---------- DATA IN THIS EXERCISE ----------
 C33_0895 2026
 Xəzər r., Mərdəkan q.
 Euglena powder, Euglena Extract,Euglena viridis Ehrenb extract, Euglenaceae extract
----------
---------- DATA IN THIS EXERCISE ----------
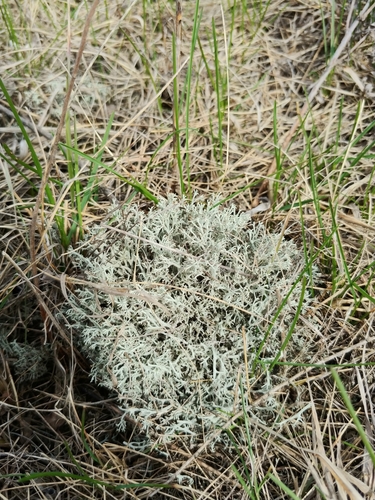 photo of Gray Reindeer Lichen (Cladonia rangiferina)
----------
---------- DATA IN THIS EXERCISE ----------
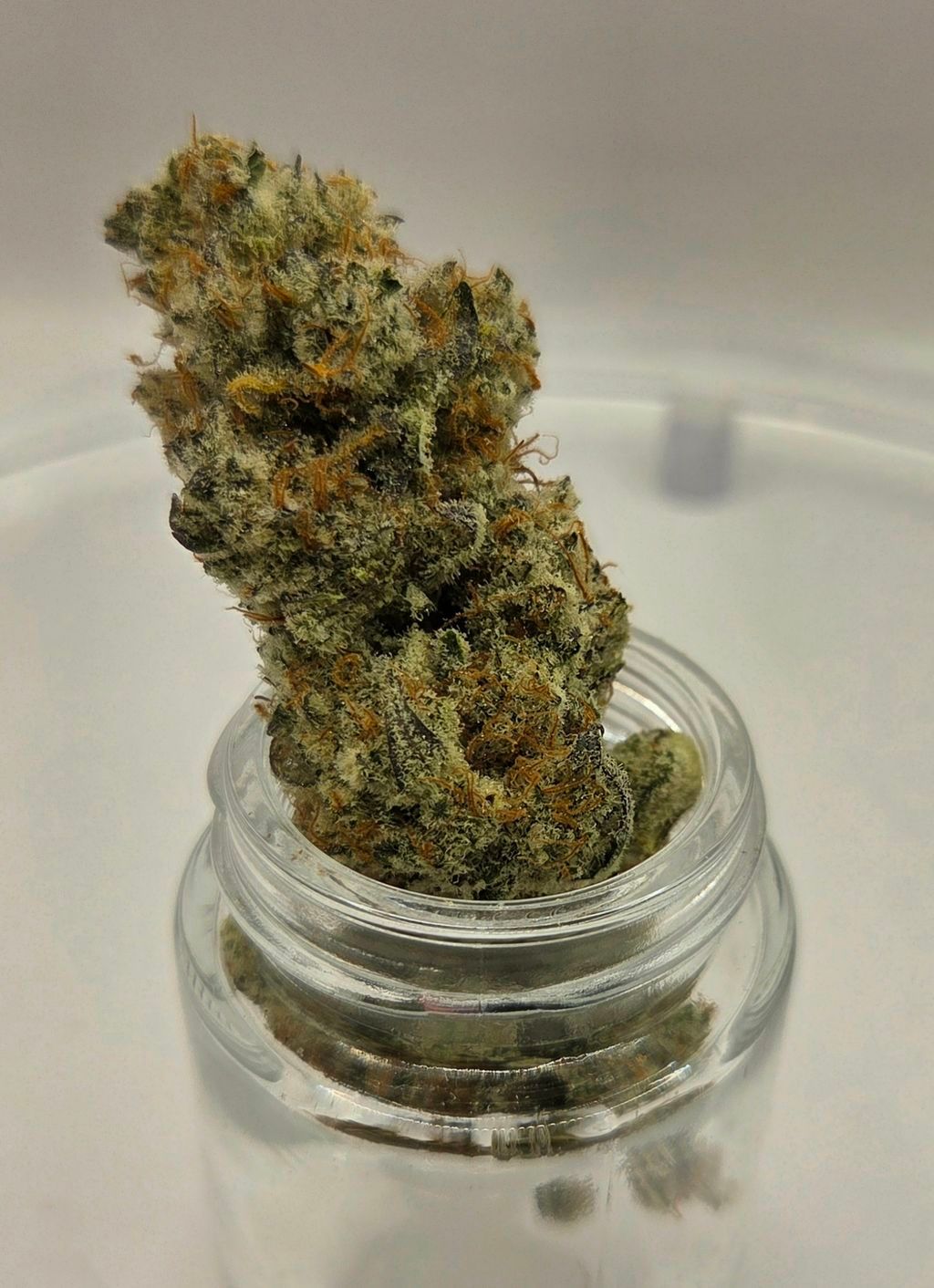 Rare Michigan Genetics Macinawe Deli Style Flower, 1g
----------
* GOAL OF THE EXERCISE
Reproduce exactly, and with no other material, the lines between those holding "Xəzər r., Mərdəkan q." and "Euglena powder, Euglena", inclusive.

* SOLUTION TO THIS TASK
 Xəzər r., Mərdəkan q.
 Euglena powder, Euglena Extract,Euglena viridis Ehrenb extract, Euglenaceae extract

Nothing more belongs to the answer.